┌──
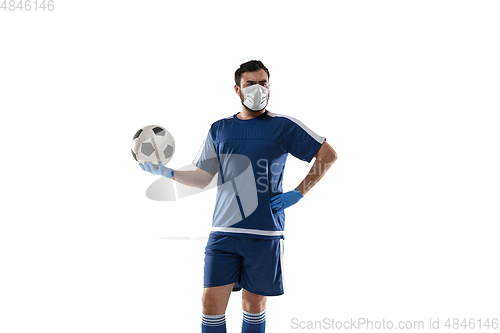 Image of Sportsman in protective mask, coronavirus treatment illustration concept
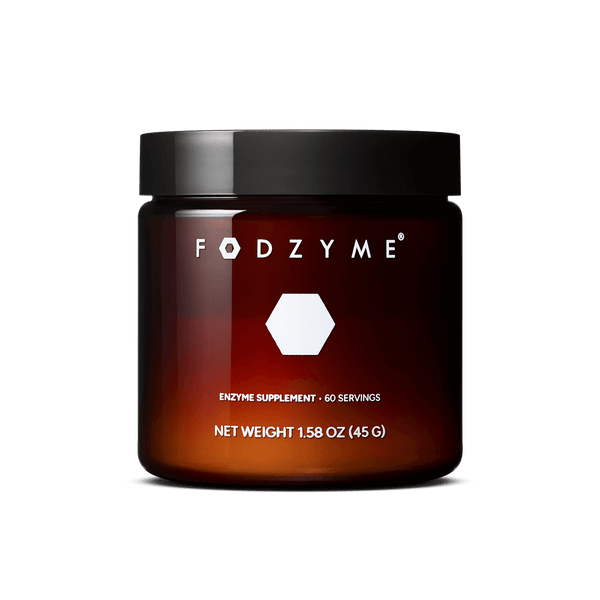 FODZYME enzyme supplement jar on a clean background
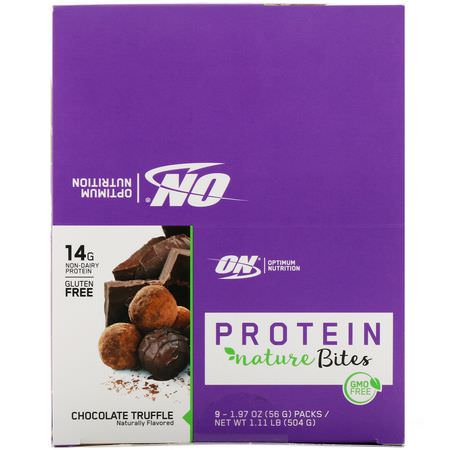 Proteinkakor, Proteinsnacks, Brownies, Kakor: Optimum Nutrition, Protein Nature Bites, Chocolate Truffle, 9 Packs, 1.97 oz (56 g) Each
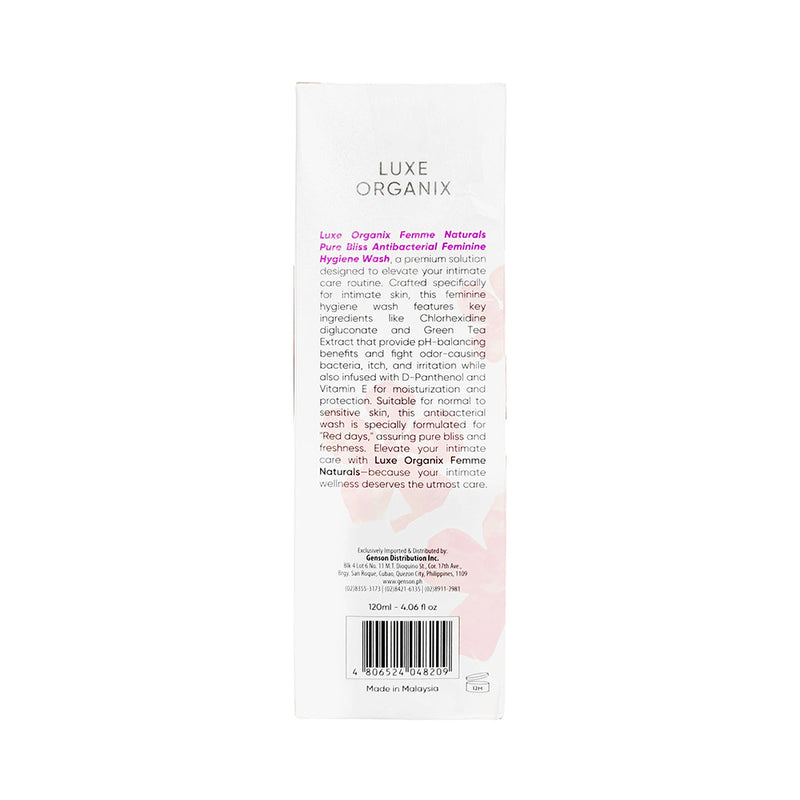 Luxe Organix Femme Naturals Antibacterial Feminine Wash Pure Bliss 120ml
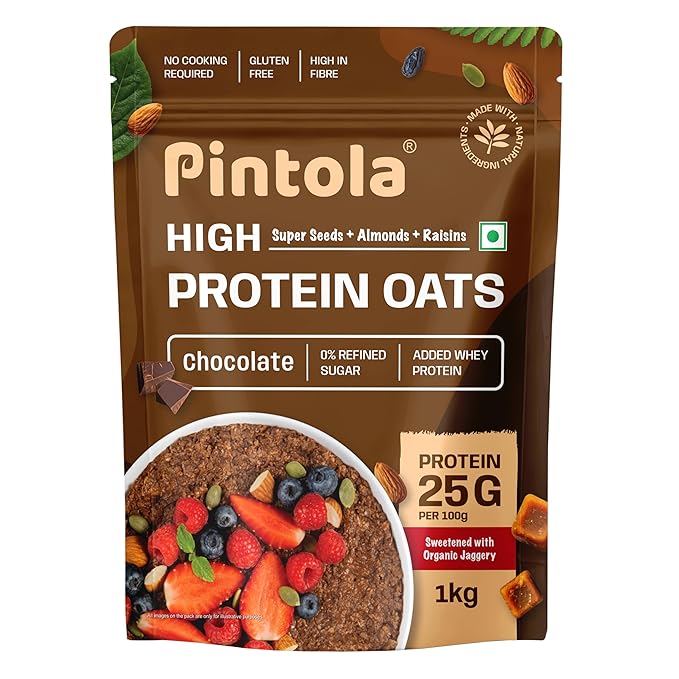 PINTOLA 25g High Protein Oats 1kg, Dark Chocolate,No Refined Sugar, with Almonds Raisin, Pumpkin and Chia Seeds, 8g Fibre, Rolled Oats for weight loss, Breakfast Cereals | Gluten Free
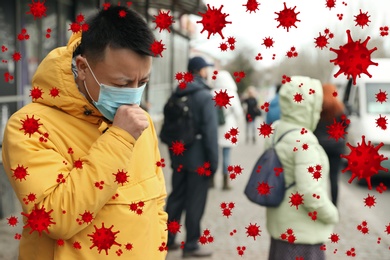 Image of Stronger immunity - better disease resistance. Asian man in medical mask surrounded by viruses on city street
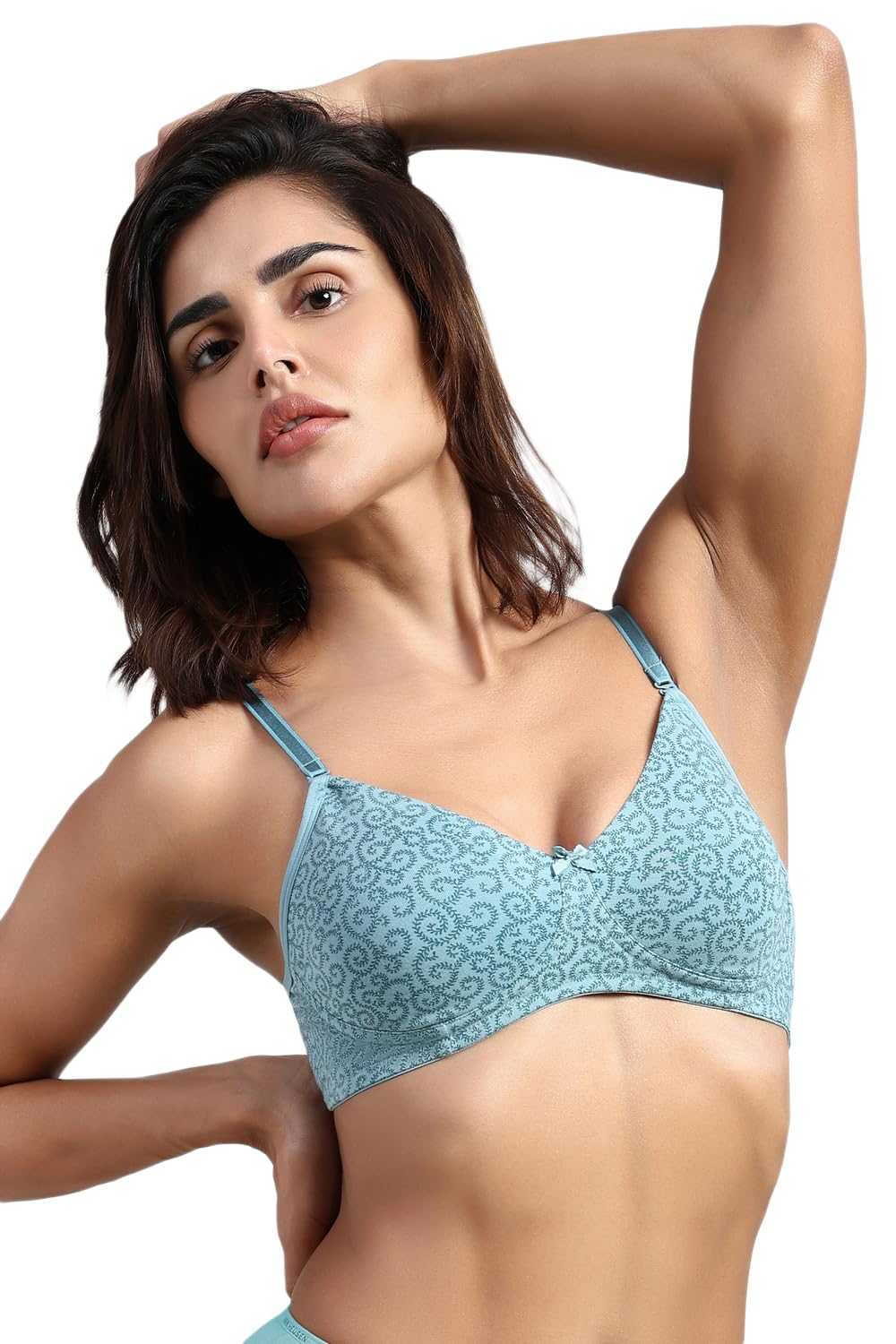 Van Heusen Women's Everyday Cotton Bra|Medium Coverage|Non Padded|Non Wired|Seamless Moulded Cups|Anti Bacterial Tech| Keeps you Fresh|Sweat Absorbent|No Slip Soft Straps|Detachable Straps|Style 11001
└──
**WHAT TO WORK ON:** All the material above must be copied exactly, and no picture belongs in the copy.

**TASK RESPONSE:**
 Image of Sportsman in protective mask, coronavirus treatment illustration concept
 FODZYME enzyme supplement jar on a clean background
 Proteinkakor, Proteinsnacks, Brownies, Kakor: Optimum Nutrition, Protein Nature Bites, Chocolate Truffle, 9 Packs, 1.97 oz (56 g) Each
 Luxe Organix Femme Naturals Antibacterial Feminine Wash Pure Bliss 120ml
 PINTOLA 25g High Protein Oats 1kg, Dark Chocolate,No Refined Sugar, with Almonds Raisin, Pumpkin and Chia Seeds, 8g Fibre, Rolled Oats for weight loss, Breakfast Cereals | Gluten Free
 Image of Stronger immunity - better disease resistance. Asian man in medical mask surrounded by viruses on city street
 Van Heusen Women's Everyday Cotton Bra|Medium Coverage|Non Padded|Non Wired|Seamless Moulded Cups|Anti Bacterial Tech| Keeps you Fresh|Sweat Absorbent|No Slip Soft Straps|Detachable Straps|Style 11001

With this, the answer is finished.